JoAnne Yates and Wanda Orlikowski develop this notion of genre systems in "Genre systems: Structuring interaction through communicative norms" (2002). They still share Bazerman's view of genre systems as sequences of interrelated communicative actions that structure collaborative work (structure is particularly important to them), and they see these genres as being "linked or networked together" to constitute "a more coordinated communicative process" (p.14). Indeed, genre systems do not just support a social activity, they comprise it.

But this sequential understanding is not enough, for clearly people bring assemblages of genres to bear simultaneously on a problem. In their 1994 article "Genre repertoire: Structuring the communicative practices in organizations" (yes, there's that word "structure" again), Orlikowski and Yates mention that genres do not just sequence, they overlap. Through these two sorts of coordination, genres work together to produce a more communicative practice. Members of a community "tend to use multiple, different, and interacting genres over time. Thus to understand a community's communicative practices, we must examine the set of genres that are routinely enacted by members of the community" (p.542), and this set of genres is what Orlikowski and Yates term a genre repertoire. The authors recognize that this repertoire changes over time as new genres are improvised or otherwise introduced, and they suggest that explicating these changes over time can help us to understand changes in the community's communicative practices and organizing processes.

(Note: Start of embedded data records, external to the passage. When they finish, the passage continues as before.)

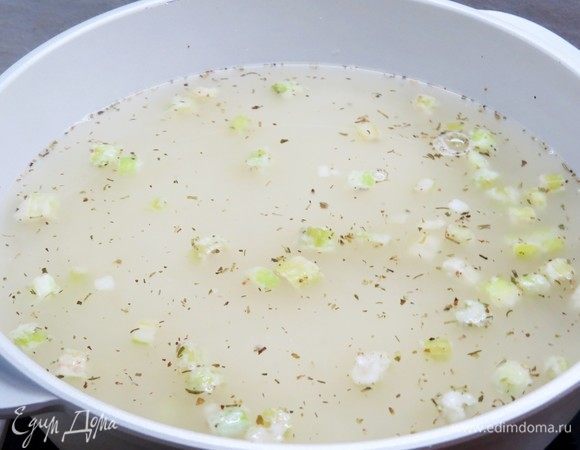 Вливаем в кастрюлю с овощами 2,5 литра куриного бульона, даем супу закипеть, затем уменьшаем огонь до малого.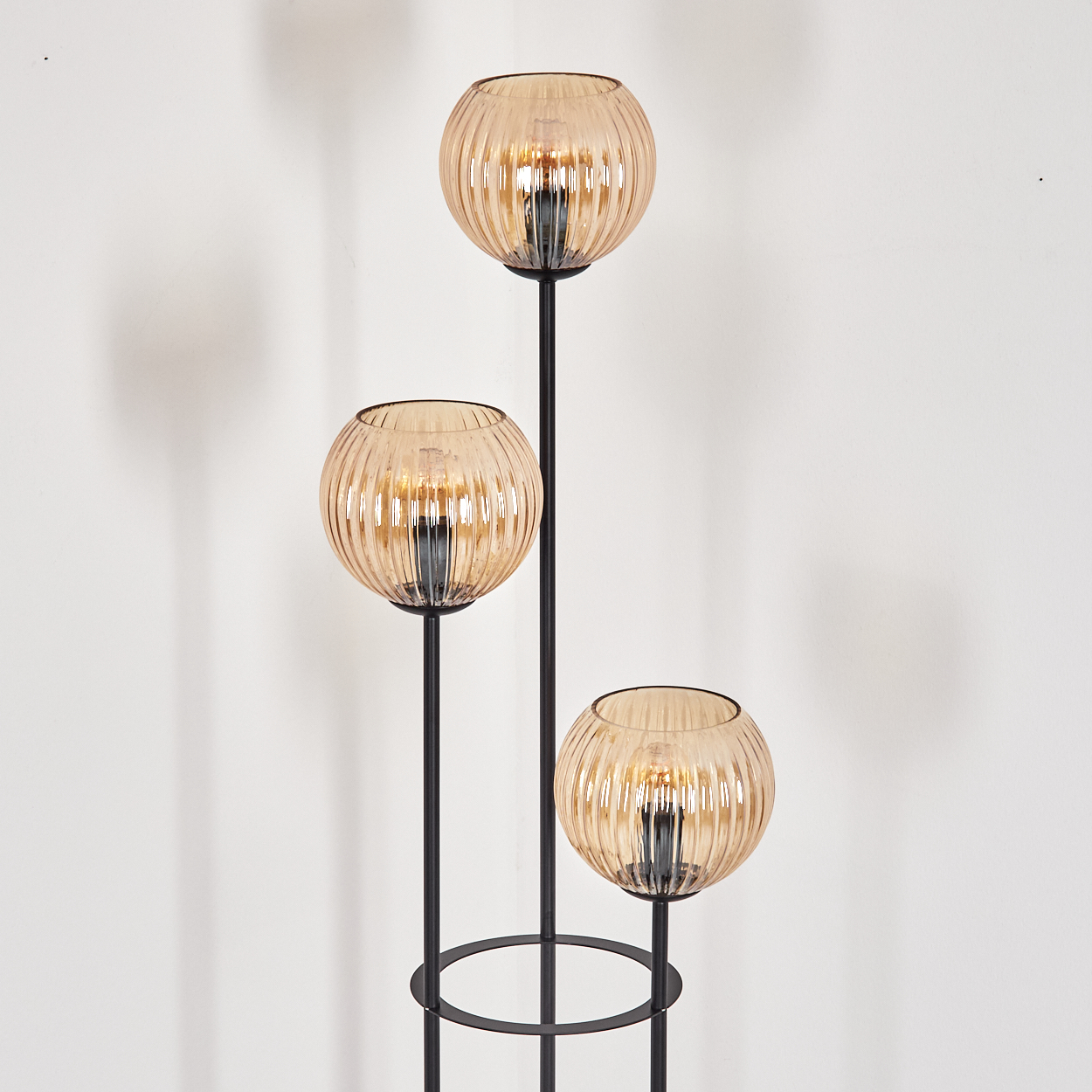 Eine moderne Stehlampe mit drei kugelförmigen, bernsteinfarbenen Glasschirmen, schwarzem Metallrahmen und weißem Hintergrund.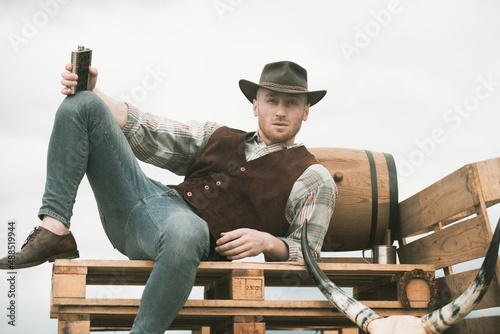 American cowboy man. Handsome brutal western guy. Attractive man with whiskey or brandy.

Orlikowski and Yates edge away from the rigidly sequential understandings of genre sets and genre systems here (although you notice that they return to that conception in 2002). The notion of genre repertoire is developmental and accounts for overlapping as well as sequential communicative actions. But at the same time, genre repertoires emphasize individual and group communicative performances: you perform a genre, but it doesn't perform you. That is, they still reflect an asymmetrical understanding of genre that exclusively deals with communication rather than mediation or (more broadly) distributed cognition. And because of the firm emphasis in communication, particularly communication in repeated enactments across a group, genre repertoires still emphasize the official rather than unofficial genres.

Looking at these frameworks has helped me to clarify some of the things I've been trying to do with genre ecologies. I find Orlikowski and Yates' distinction between overlapping and sequencing to be useful, though oversimplified. My genre ecology work has tended to emphasize the overlapping aspect. It has also emphasized mediation rather than communication -- and in doing so, has explored unofficial and idiosyncratic genre use more thoroughly than has been typically done in these other frameworks. At this point I won't go into the articles on genre ecologies that Mark Zachry and I have written, nor the related concept under the same name that Freedman and Smart wrote about in 1997. But in their emphasis on compound mediation, genre ecologies deal with a quite different phenomenon than do genre sets, systems, and repertoires: they deal with activity, whether individual or group. Any person or group can make connections and build assemblages (or ecologies) of heterogeneous genres to mediate their own or others' activities. Notice how communication drops out here, at least as a separate category, because mediation includes influence over one's community as well as oneself. This is an interesting but terribly underdeveloped point, and one that I'll have to think about for a while.